Mentre le vie di Roma sono percorse da cortei che chiedono investimenti
pubblici per il lavoro, la casa, i servizi sociali, nelle stanze di
palazzo Montecitorio si sta varando il decreto-legge che stanzia altro
denaro pubblico per le missioni militari internazionali. Denaro che va
ad aggiungersi a quello per le forze armate e gli armamenti, ponendo
l'Italia (documenta il Sipri) al decimo posto mondiale con una spesa
militare reale di 26 miliardi di euro nel 2012, equivalente a 70 milioni
al giorno.
Su cosa si stia decidendo a palazzo Montecitorio c'è assoluto silenzio
mediatico. Peccato.

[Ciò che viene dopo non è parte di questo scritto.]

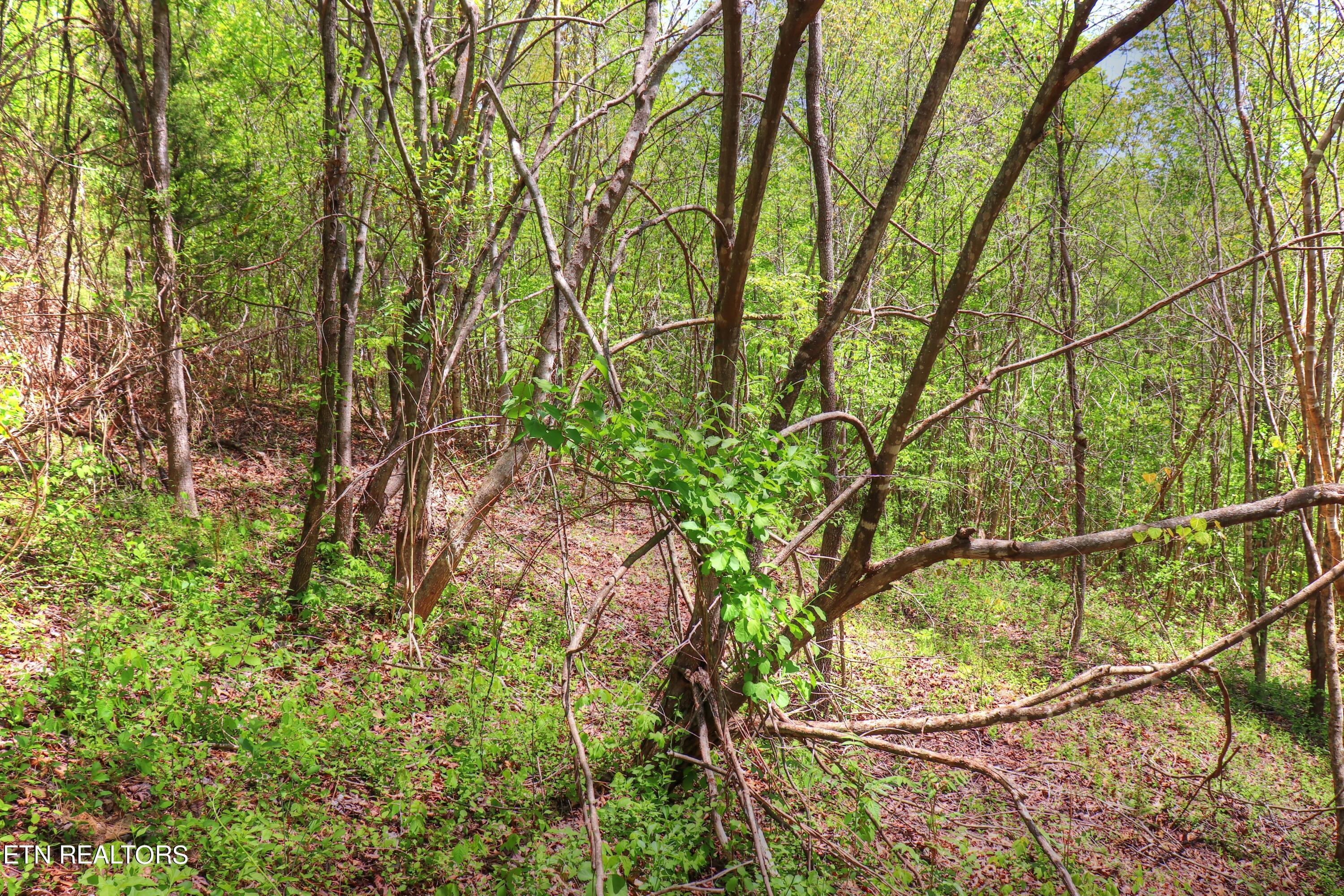 Lot 172 Saddleridge Drive, Speedwell, TN - Norris Lake Real Estate - Image# 14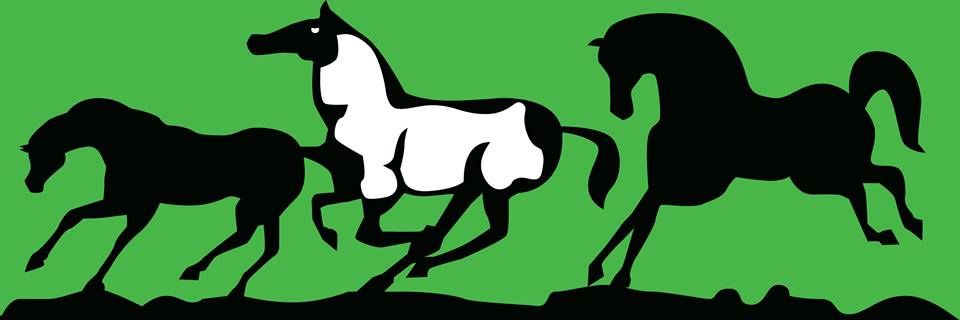 Begin Again Horse Rescue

Altrimenti i cittadini italiani in crescenti
difficoltà economiche avrebbero perlomeno la soddisfazione di sapere
che, solo per il trimestre ottobre-dicembre 2013, vengono stanziati 125
milioni di euro per la missione militare in Afghanistan, oltre 40 per
quella in Libano, 24 per quelle nei Balcani, 15 per il «contrasto alla
pirateria» nell'Oceano Indiano (più la spesa, ancora segreta, per la
nuova base militare italiana a Gibuti).
Si spendono in soli tre
mesi 5 milioni per partecipare alla missione Nato nel Mediterraneo (cui
si aggiunge la spesa, ancora da quantificare, per quella Mare Nostrum),
altri 5 per mantenere personale militare italiano a Tampa in Florida
(sede del Comando centrale Usa), in Bahrain, Qatar ed Emirati arabi
uniti.
Oltre 5 milioni in tre mesi vengono stanziati per i
militari e gli agenti di polizia che in Libia aiutano a «fronteggiare
l'immigrazione clandestina» e a mantenere e usare «le unità navali
cedute dal governo italiano a quello libico». Altro denaro pubblico
viene sborsato per inviare militari in Sudan, Sud Sudan, Mali, Niger,
Congo e altri paesi, pagando alte indennità di missione incrementate del
30% se il personale non usufruisce di cibo e alloggio gratuiti.
Alle
spese per le missioni militari si aggiungono quelle per il «sostegno ai
processi di ricostruzione» e il «consolidamento dei processi di pace e
stabilizzazione»: 23,6 milioni di euro in tre mesi, ai quali il ministro
degli esteri può aggiungere con proprio decreto altre risorse. Già la
Bonino ha annunciato che a dicembre saranno disponibili altri 10 milioni
per gli «aiuti umanitari». Come lo «sminamento umanitario» in paesi che
prima la Nato (Italia compresa) ha attaccato anche con bombe a grappolo
che lasciano sul terreno ordigni inesplosi, o in paesi al cui interno
la Nato ha fomentato la guerra. Come gli interventi di «stabilizzazione
dei paesi in situazione di conflitto o post-conflitto», tipo la Libia
che, demolita dalla Nato con la guerra, si trova in una caotica
situazione di post-conflitto.
Tra gli «aiuti umanitari» figurano
anche gli interventi «a tutela degli interessi italiani nei paesi di
conflitto e post-conflitto», tipo quelli dell'Eni in Libia. Per coprire
tali spese si attinge anche ai «fondi di riserva e speciali» del
ministero dell'Economia e delle finanze, che così mancheranno quando si
dovranno affrontare situazioni di emergenza sociale in Italia. Il
ministro dell'economia è inoltre «autorizzato ad apportare le occorrenti
variazioni di bilancio», cioè ad accrescere i fondi per le missioni
militari. I primi a sostenere il decreto-legge sono i deputati Pd,
seguiti da quelli Pdl.
L'opposizione (Sel e M5S) si limita in
genere a emendamenti che non intaccano la sostanza e a criticare «il
fatto che il contributo italiano alla sicurezza internazionale sia di
natura esclusivamente militare». Ignorando che, con il suo «contributo
militare», l'Italia non rafforza ma mina la sicurezza internazionale, e
che quello «civile» è spesso il grimaldello dell'intervento militare.
Fonte
E' un classico: più un paese ha le pezze al culo, più la sua classe dirigente spende e spande in "sicurezza" e forze armate. Gli USA sono come da copione i primi della classe in questo.